In a bid to save more time and money, many companies have started using their own staff for user testing. Although this method is cheap and convenient, it is inappropriate and leads to unreliable results that do not really reflect the needs and behaviors of target users. Let us dive in and take a deeper look.
Why do they do it?
- Convenience – Internal participants are easily accessible compared to external users and are willing to dedicate time to help the company. You don’t really need a recruiter to find a participant – all you have to do is post an ad and people will turn up for the session. Moreover, you also have a variety of tools that let you communicate with your coworkers.
- Low cost – Companies have different transactional methods when it comes to paying internal employees, but the process is simple, and in many cases, does not involve any money.
- Confidentiality – Doing usability testing on an unreleased product can create confidentiality issues, especially if the product is like nothing else out there. Since employees sign nondisclosure agreements, they are unlikely to breach confidentiality.
- Attracting attention – Having employees act as test participants is a great way of increasing interest in the product. As they become familiar with the entire process, you will get invaluable UX support.
So, what’s the hitch?
Unfortunately, asking your own employees for feedback will invariably affect how sound your data is and how your employees feel about the company. More often than not, the data reflects employee bias instead of the behaviors and needs of real users.
- Since employees have prior knowledge of the company, they understand the business goals and jargon better than non-employees. They use that information to perform better in a user test, even if they don’t do it consciously. You will not see the authentic behavior, which is the main purpose of user research.
- Having prior knowledge of a project or even indirect exposure to it can affect a participant’s attitude towards it.

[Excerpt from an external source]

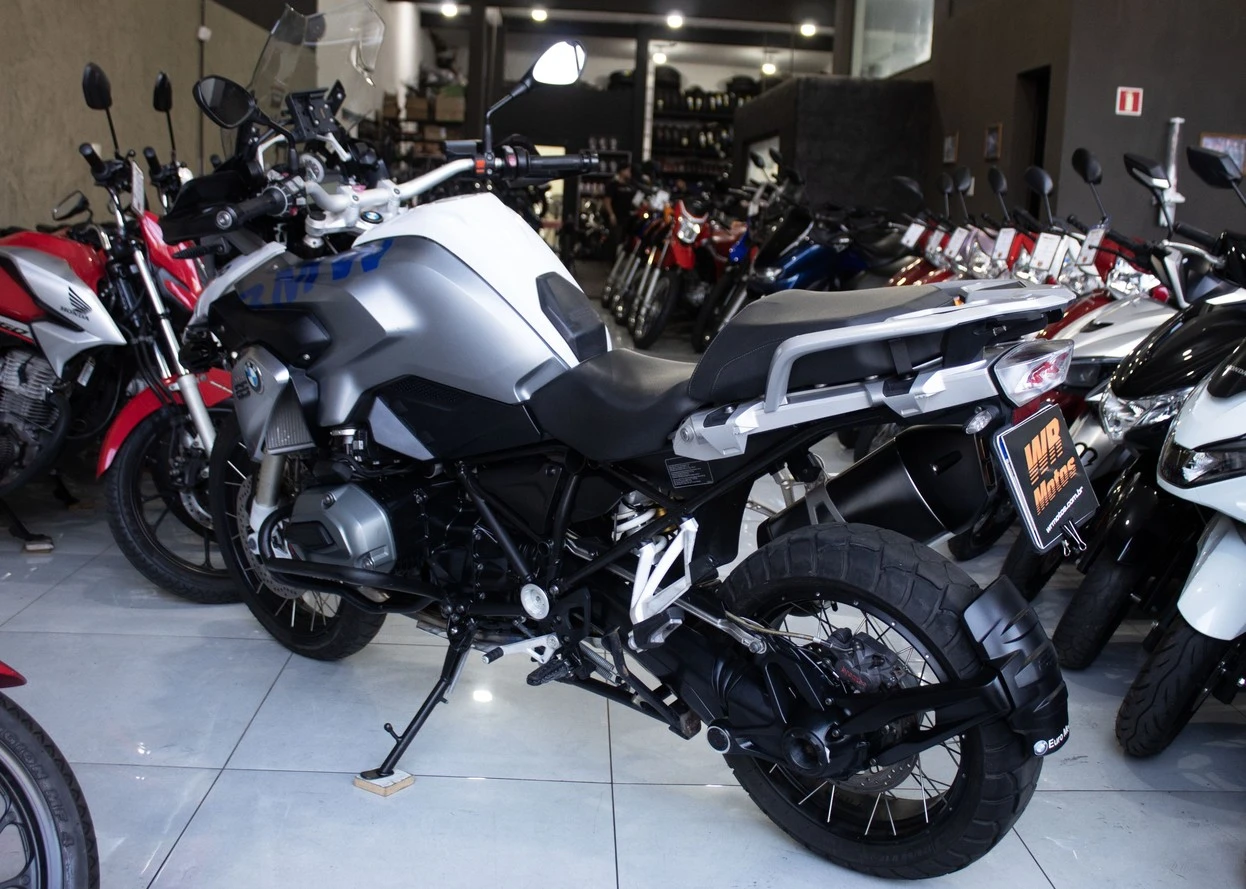 BMW R 1200 GS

- Employees also have a higher motivation to use the product compared to an outsider. They tend to think that what you do is meaningful and will not take the liberty of outright dismissing what you do like an outsider would.
- Employee perspective is often clouded by what they think is the best future course of action. They make judgments based on how desirable and feasible your project is, and how much time and resources it would take to implement changes suggested by R&D. The feedback will most likely reflect this.
- Employees also feel the pressure to finish a task and spend extra time on it as they are invested in the company’s welfare.
- Internal participants might know the people who are involved in the study. Their feelings for the team members will influence their behavior. Even if they do not personally know the team, they are prone to feeling a strong connection to it as they are part of the same company. This will make them think twice before they express disappointment with the work of the designers.
- Participants might also feel a little uncomfortable being observed by their coworkers and feel the need to impress the executives who are studying their response.
When can you do it?
- If you are testing an application or intranet that has been developed for you own employees, then it makes sense to use employees as test users since they are the target audience. Even in this case, you will want to minimize bias by finding people who are not familiar or involved with the project.
- If you want to pilot a particular user test, then internal recruitment is a great way to identify the weaknesses in the test plan. If you plan to invite stakeholders or observers for the test session, make the scope of the test session clear – to give you feedback about the test structure and not the interface.
Recruiting employees as participants is not an alternative to recruiting externally. When it comes to usability testing, there is nothing that compares to recruiting actual users.